Also, attached a whole debug log file containing when a node is starting until the malfunction happens.
teraterm2.log

Thanks & Regards,
Robert

@terrillmoore
Copy link
Member

Thank you for posting the log file.

At line 1509, I see EV_TXCOMPLETE. But after that I don't see any evidence that the code is calling the transmit path.

I see that ALL transmits in the recent path past prior to the failure are on channel 867,700,000 MHz. This behavior started at around line 269; prior to that it was using the other channels.

I don't know why the LMIC started to stick on one channel.

The device is transmitting at SF12. Based on the times printed, it appears that your message takes about 2.3 seconds of airtime.

The fact that there are no more launches of the transmission strongly indicates that sendjob has been lost from the queue. This can happen (in the sketch) if timing gets messed up. However, I suspect that lines were lost between 1511 and 1512; the line "=0x108" is almost certainly a fragment of the engineUpdate, opmode=0x108 printout that follows. Those lines are about 3.4ms apart (according to time stamp) and there's a huge jump between line 1511 (which is positive) and 1513 (which is negative). That's a jump of about 8 hours (coincidentally).

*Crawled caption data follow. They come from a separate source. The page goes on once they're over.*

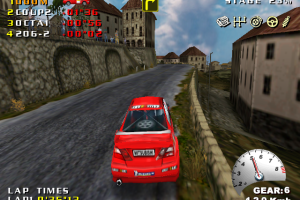 Need for Speed: V-Rally 2 9
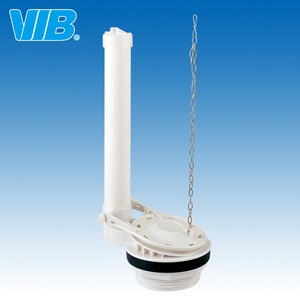 3 inch Toilet single flapper valve with American Standard UPC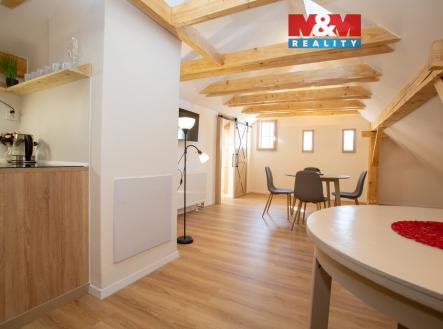 Prodej bytu, 2+kk, 76 m²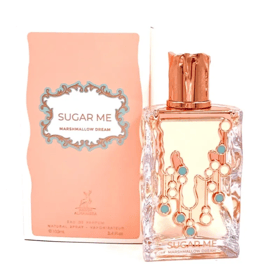 creamy sweet scent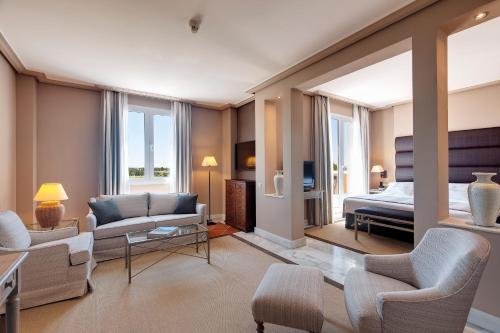 Barcelo Montecastillo Golf near Flughafen Jerez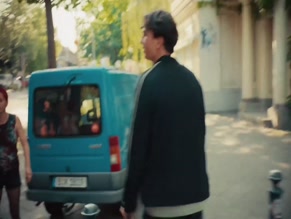 ANTONIA BREIDENBACH in POLIZEI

It is possible that on your BSP, something bad is happening to the LMIC's idea of time -- however, that wouldn't account for the missing text between 1511 and 1512.

In addition, by the way, you have an error in your do_send(). There are three paths in the if clauses; only one calls LMIC_setTxData2(). That means that if either of the other two paths are taken, the data won't be sent -- and that means you won't ever send again. The easy fix is to set DataTxError = 1 on the other two paths; that will at least result in a printout if it fails rather than printing

do_send finished
Tx result:0

suggesting that the sent was scheduled, even though it was not.

The opmode=0x108 printout is consistent with the LMIC waiting for channel bandwidth to become available (according to the duty cycle policy). If the clock is screwed up, it could wait approximately forever.

Try fixing the DataTxError problem, and try running again to see if you can get a full log with out missing lines around the time of the error. If necessary, stop (call abort, or just loop) if you see do_send returning non-zero.

@Gooseman42
Copy link

Gooseman42 commented Nov 15, 2024

Sadly I have the same problem here: getting stuck in a loop after 6-9h. I added some code inside the engineUpdate function to help me tag the problem (basically printing NOIDLE) but it did not help.. the code is basically still the same as the original ttn-otaa example.
ttn_otaa_stuckloop.zip
Serial log and code/libraries attached. If required I can provide more data.
Thanks for any pointers!
Achim

@robepapp
Copy link

robepapp commented Nov 18, 2024

Hi,

I modified the do_send() function of my otaa sketch to the same like in the ttn-otaa.ino example:

void do_send(osjob_t* j)
{
    // Check if there is not a current TX/RX job running
    if (LMIC.opmode & OP_TXRXPEND) {
        #ifdef SerialDbg 
        Serial1.println(F("OP_TXRXPEND, not sending"));
        #endif      
  }    
     else {
        // Prepare upstream data transmission at the next possible time.        
         #ifdef SerialDbg 
        Serial1.println(F("Prepare data for transmisson.")); 
        Serial1.print(F("Current interrupts:"));
        Serial1.println(inputCounter);
        #endif              
          mydata[0] = (int)((inputCounter & 0XFF));
          mydata[1] = (int)((inputCounter >> 8) & 0XFF);
          mydata[2] = (int)((inputCounter >> 16) & 0xFF);
          mydata[3] = (int)((inputCounter >> 24) & 0xFF);           
          LMIC_setTxData2(1, mydata, 3,0);
          #ifdef SerialDbg 
           Serial1.println(F("Pocket queued"));  
           #endif        
           } 
     #ifdef SerialDbg 
     Serial1.println(F("do_send finished"));  
     #endif  
    }

The test with the sketch ends with the same result new log file is uploaded.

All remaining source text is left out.